If they want pellets, the wet it to make a paste and extrude it through dyes, flash dry it, and break it off into short pieces. That’s pellets.

If they want crumbles, they crush the pellets some, but not enough to take it back to mash.

Why do they do this? Glad you asked. Different styles of automatic feeders work better with different types of feed.

There is another issue or two. If that powdery mash stays dry, it can sort itself into the different ingredients based on specific density so the chickens might not get a balance diet. The pellets and crumbles keep it mixed up.

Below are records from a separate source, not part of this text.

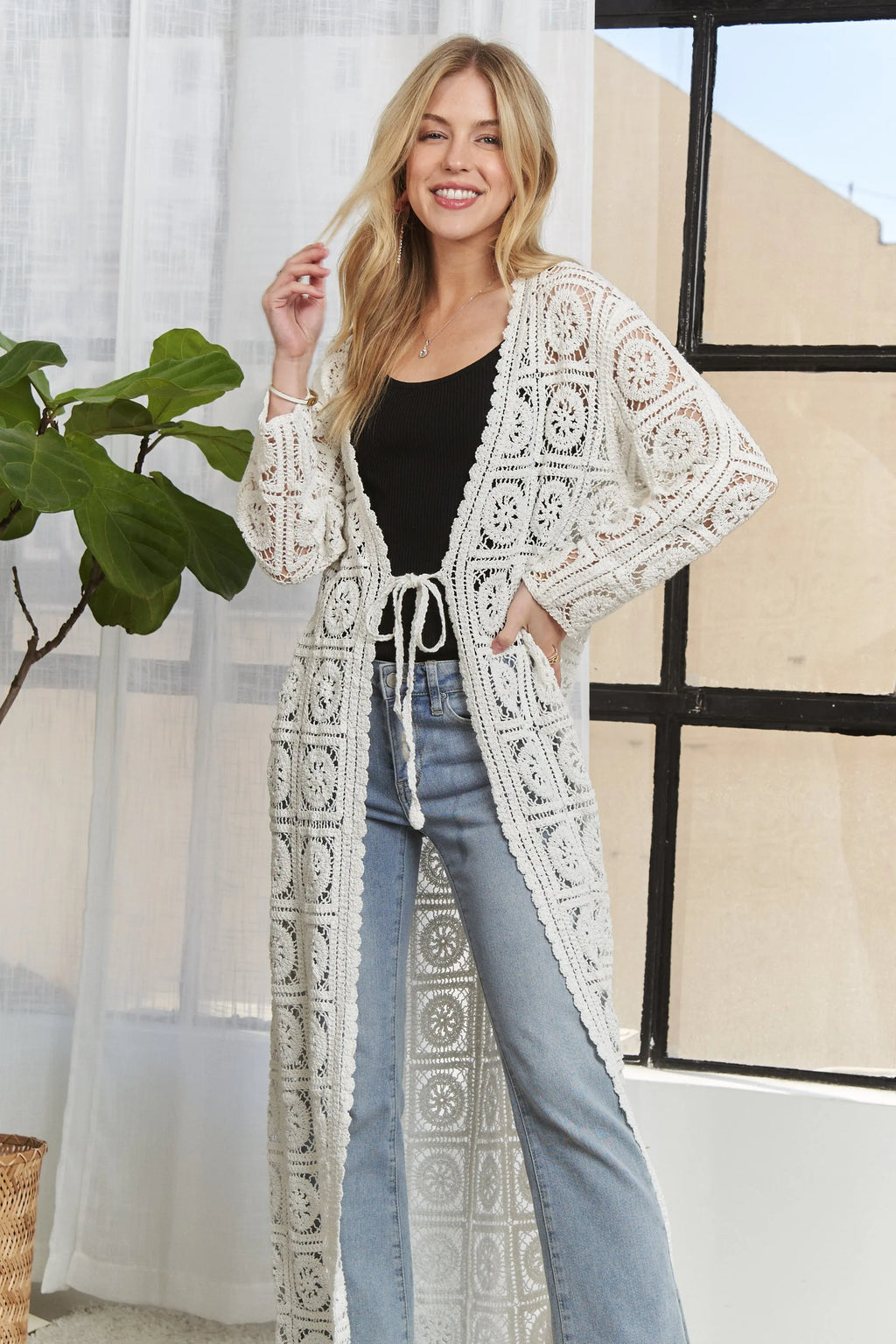 ADORA Long Sleeves Crochet Elastic Cardigan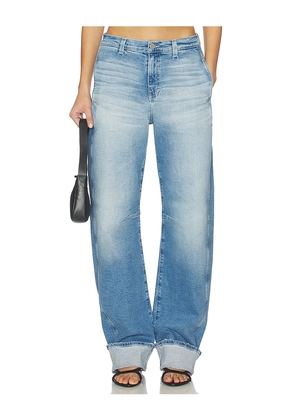 AG Jeans Mercer High Rise Barrel Extended Jeans in Blue. Size 25. Also in 26, 27, 28, 29, 31, 32, 33.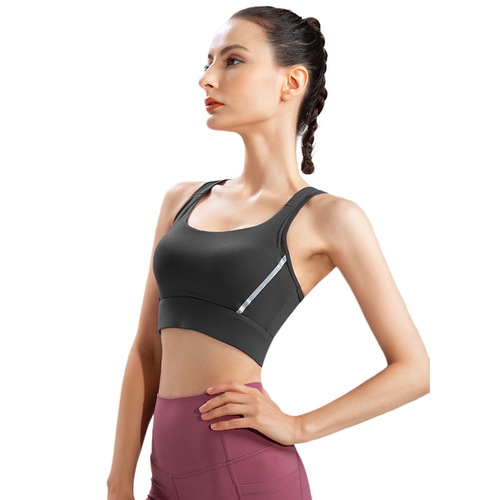 Shockproof sports bra for women, high-strength vest-style all-in-one bra, beautiful back, running yoga fitness bra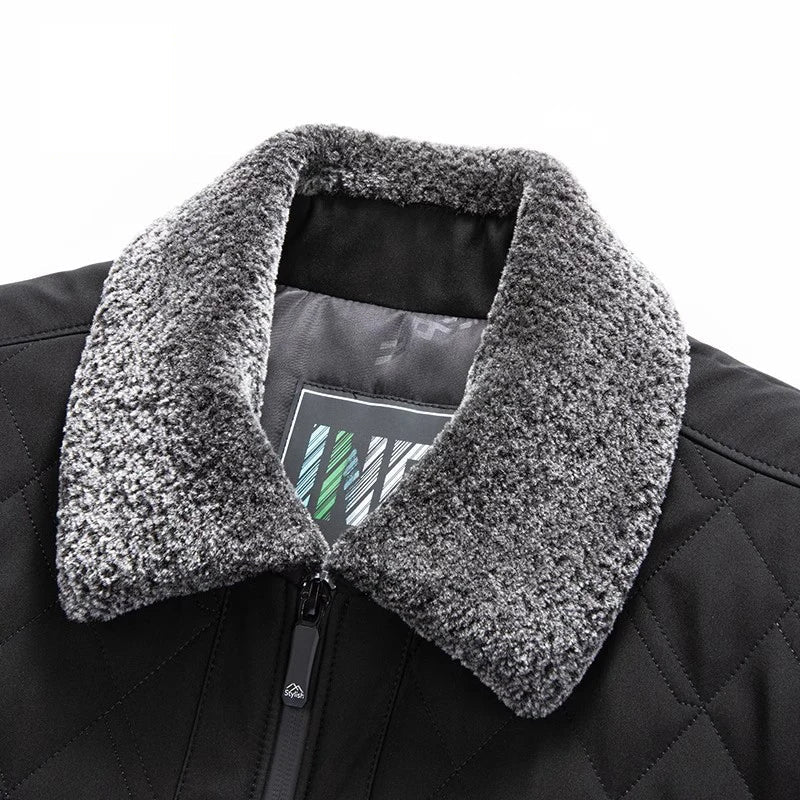 Parker Herrenjacke | Baumwolle mit Pelzkragen, Winterjacke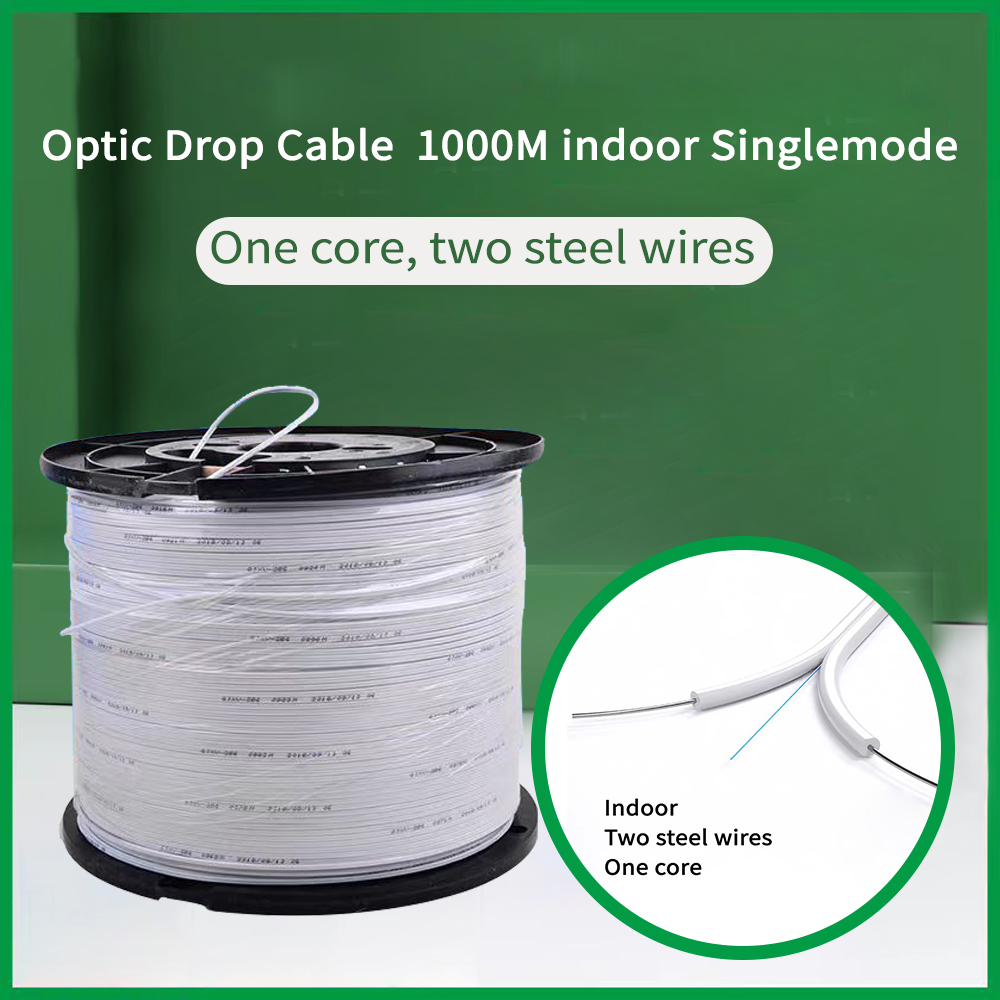 Indoor 1 Simplex Fibra Drop Optic Drop Cable 1000M With Steel Wires One Core Two Steel Wires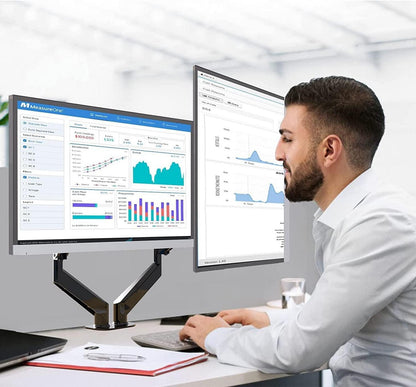 Monitorhalterung für 2 Monitore Gasfeder Doppelarm 17-27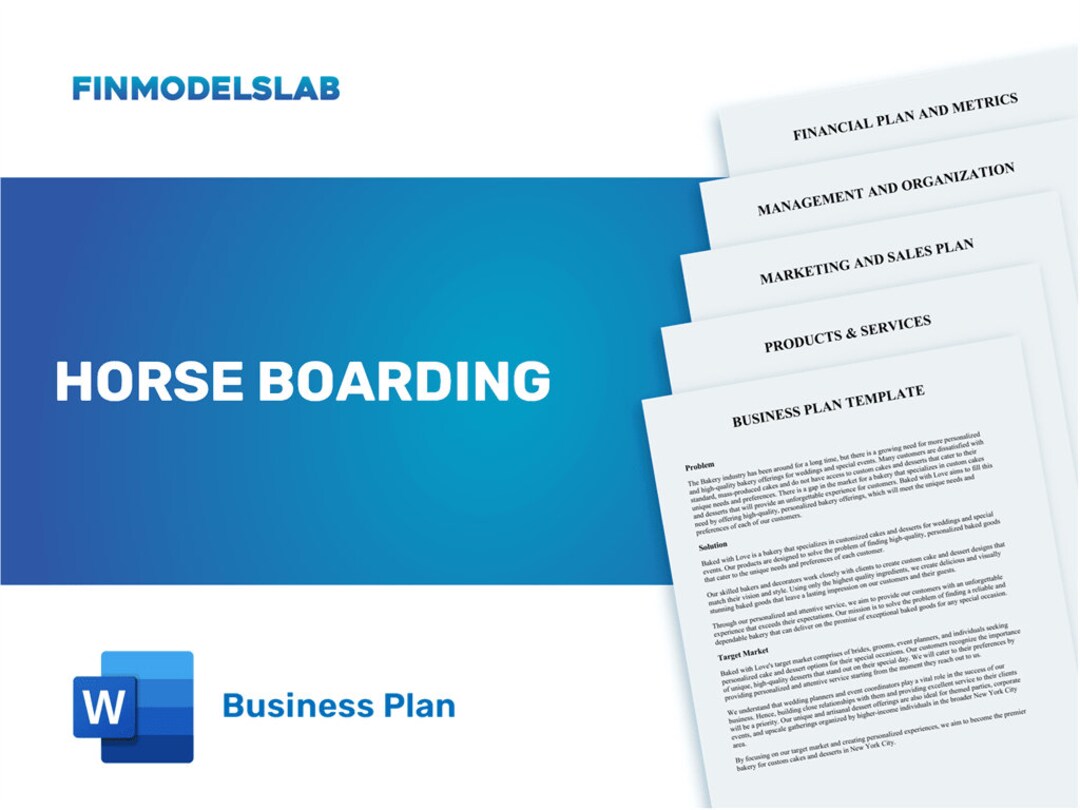 Horse Boarding Business Plan Template Comprehensive & Customizable Etsy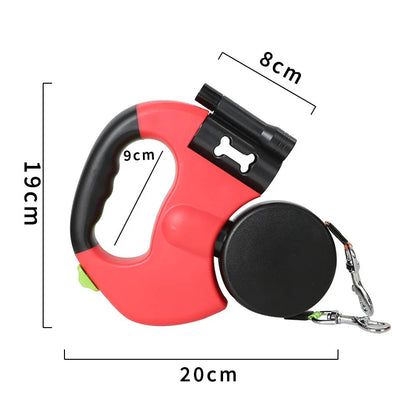 Double Automatic Puppy Dog Leash Retractable Pet Leashes for Small Medium Dogs French Bulldog Chihuahua Cat Rope Mascotas Chain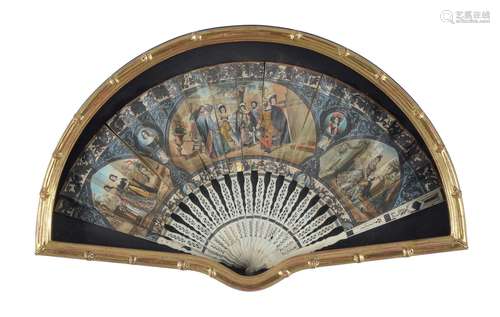 An Italian or French paper and bone mounted fan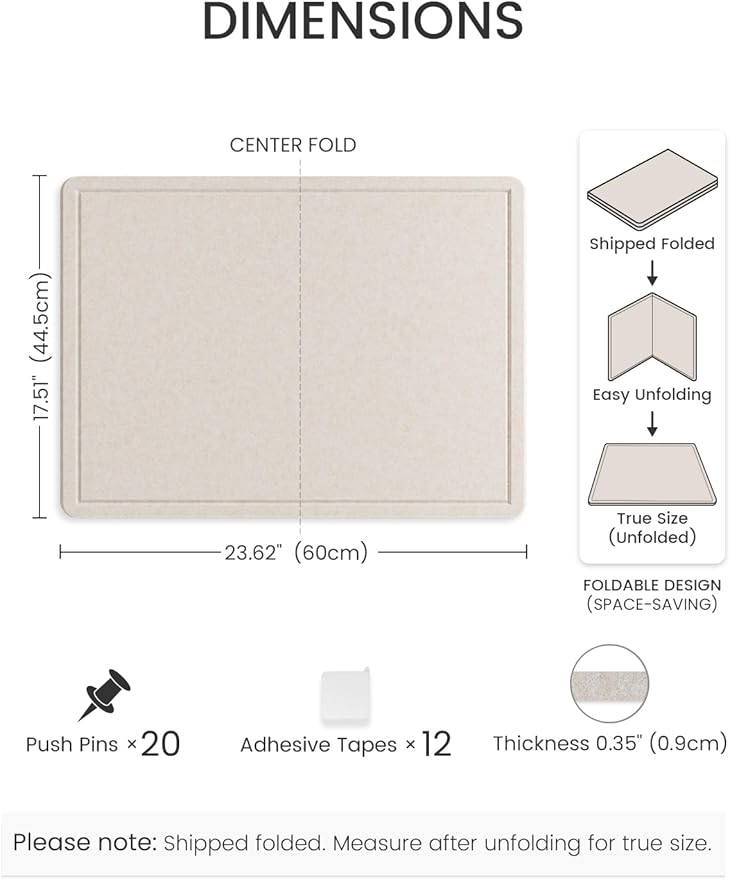 Fluxynara Bulletin Board, 23.6" x 17.5" Cork Board Alternative with 12 Safe Removable Adhesive Tabs, Foldable Felt Pin Board for Home Office, Classroom, Bedroom,Entryway for Walls— Oatmeal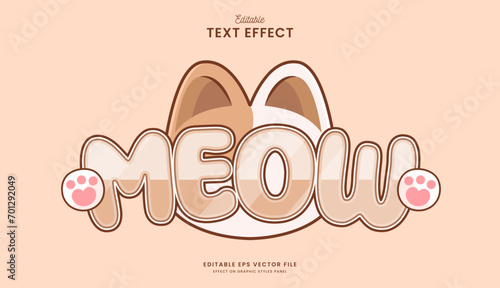 decorative editable kitten text effect vector design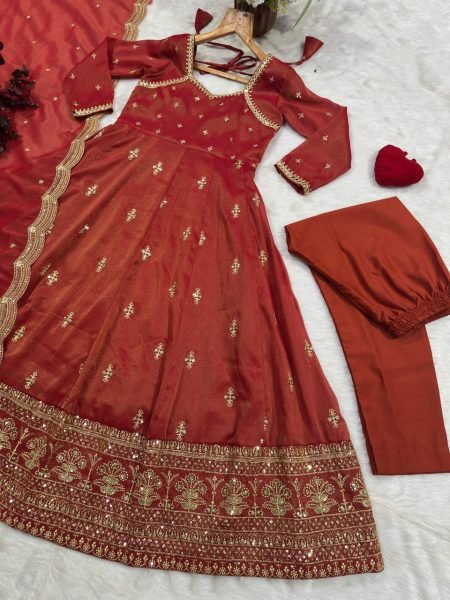 Remarkable Rust Designer Cosmo Suit Set with Heavy Sequin and Thread Embroidery Ready To Wear Collection
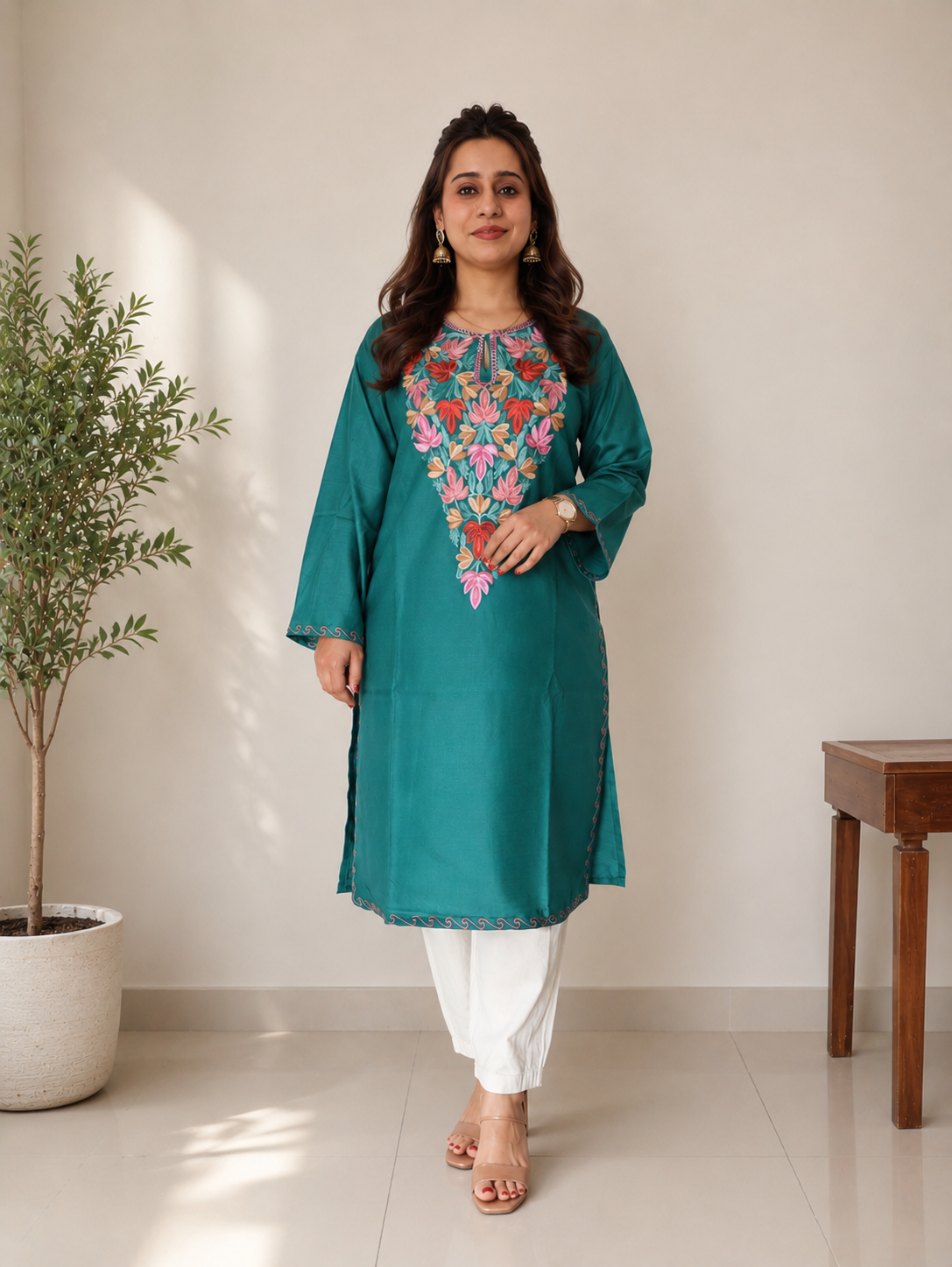 Dark Green Aari Work Long Kurti in Ruby Cotton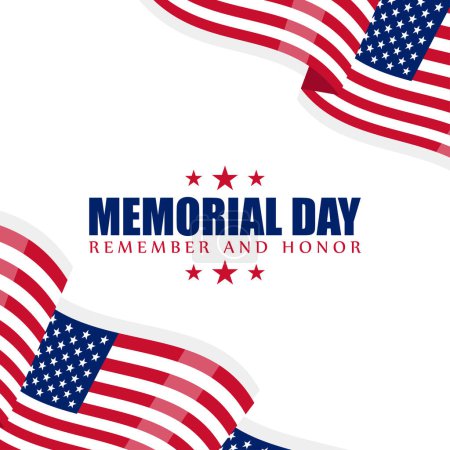 Vector illustration of U.S. Memorial Day banner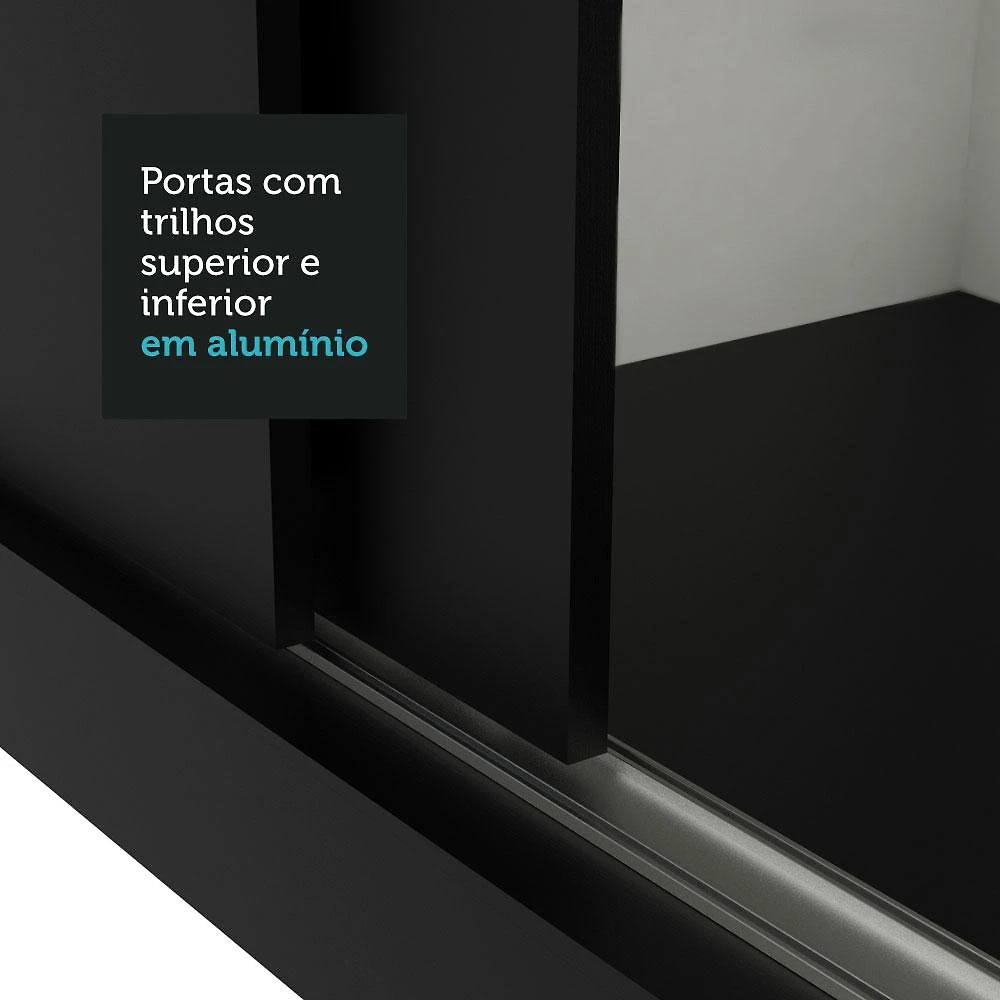 Guarda Roupa Casal Madesa Mônaco 3 Portas de Correr com Espelho - Preto Preto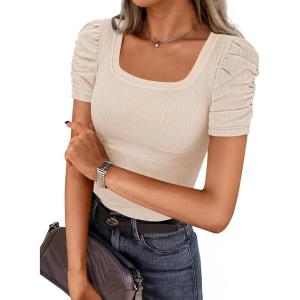 imageZESICA Womens Short Sleeve Square Neck T Shirts 2025 Summer Slim Fit Casual Basic Business Work Tee TopsBeige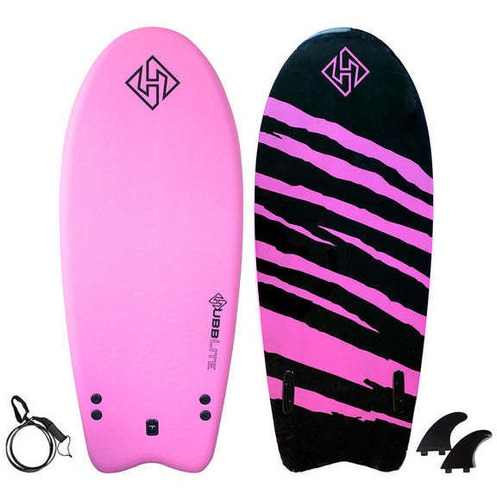 Hubb Lite Twin Fish Soft Surfboard 54  Pink/black - Hubb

Also, if you cut the top beak off a chicken kept in crowded conditions so it can’t eat other chickens (called debeaking), they can’t handle pellets or crumbles really well. But they can handle damp mash really well.

Wow I did not know that!

I have been feeding my laying hens Lay Mash ever since they were 18 weeks old however the lay mash that I use is made from: Black Sunflower seeds, rolled barley, whole sorghum, cracked corn, whole wheat, full fat soya bean meal, calgrit and molasses.
I get this in a 20kg bag and that's the only feed I give them except for the obvious daily food scraps and anything else they eat the forage or catch while they free range during the day.

I give my chicks a combination of grower feed and mixed grain (no added calcium) from 8 weeks to 18 weeks.